Myers, an avid surfer herself, is the director and editor of the film, and Castillo is the director of photography. Both have extensive experience in documentary and narrative filmmaking and are excited to tell the stories of female surfers.

The documentary has taken the two filmmakers on an exciting journey across the country and, soon, the world. Filming began in San Diego with the intent to document the experiences of recreational surfers. However, as the project progressed, an intriguing story began to emerge, and the scope of the documentary expanded. Myers and Castillo decided to shine a light on the prevalence of sexism in the professional surfing industry as well.

“You really don’t know the message of a documentary until it is finished,” Castillo said. “It’s a journey, and you are a little bit blindfolded throughout it.”

Recently, Myers and Castillo, along with their crew, began filming in Hawaii, where surfing is ingrained in the culture. With plans to bring the documentary to Iceland later this year, Castillo and Myers are committed to presenting multiple perspectives on the same issue.
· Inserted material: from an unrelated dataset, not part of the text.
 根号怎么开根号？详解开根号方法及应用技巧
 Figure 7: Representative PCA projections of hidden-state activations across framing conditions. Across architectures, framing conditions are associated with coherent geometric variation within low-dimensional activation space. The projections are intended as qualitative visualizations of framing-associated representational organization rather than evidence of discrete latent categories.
The crew also hopes to travel to Costa Rica, Australia and Thailand, according to the documentary’s website.

Like most documentarians, Myers and Castillo are using film to tell the stories that, while often ignored, need to be heard.

“We all want to make an impact and do something important,” Castillo said. “As a cinematographer, I get to make beautiful images that have a purpose behind them.”

The process of making a documentary is intense and requires determination. Before filming can even begin, the filmmaker must understand the subject in order to represent them and their story accurately.

After extensive research, there is the task of finding people that are willing to share their stories. Myers and Castillo did this by contacting surfers on social media and reaching out to people they already knew.

Setting up and conducting interviews comes with its own set of challenges, especially for student filmmakers like Myers and Castillo.

“When people hear ‘student filmmaker,’ all credibility goes out the door,” Castillo said. “You have to prove that you are going to represent the person’s story accurately and that you are committed.”

Castillo and Myers are part of a growing minority of women in filmmaking.

According to a study by Dr. Martha Lauzen, the director of San Diego State’s Center for the Study of Women in Television and Film, only 4 percent of the cinematographers and 11 percent of the directors of the top 250 domestic grossing films of 2017 were women.

While facing sexism in their industry, Castillo, and Myers make the magic happen in the production and postproduction phases of filmmaking.

As the director of photography, Castillo determines how the documentary is going to be filmed, of course with close collaboration with the director.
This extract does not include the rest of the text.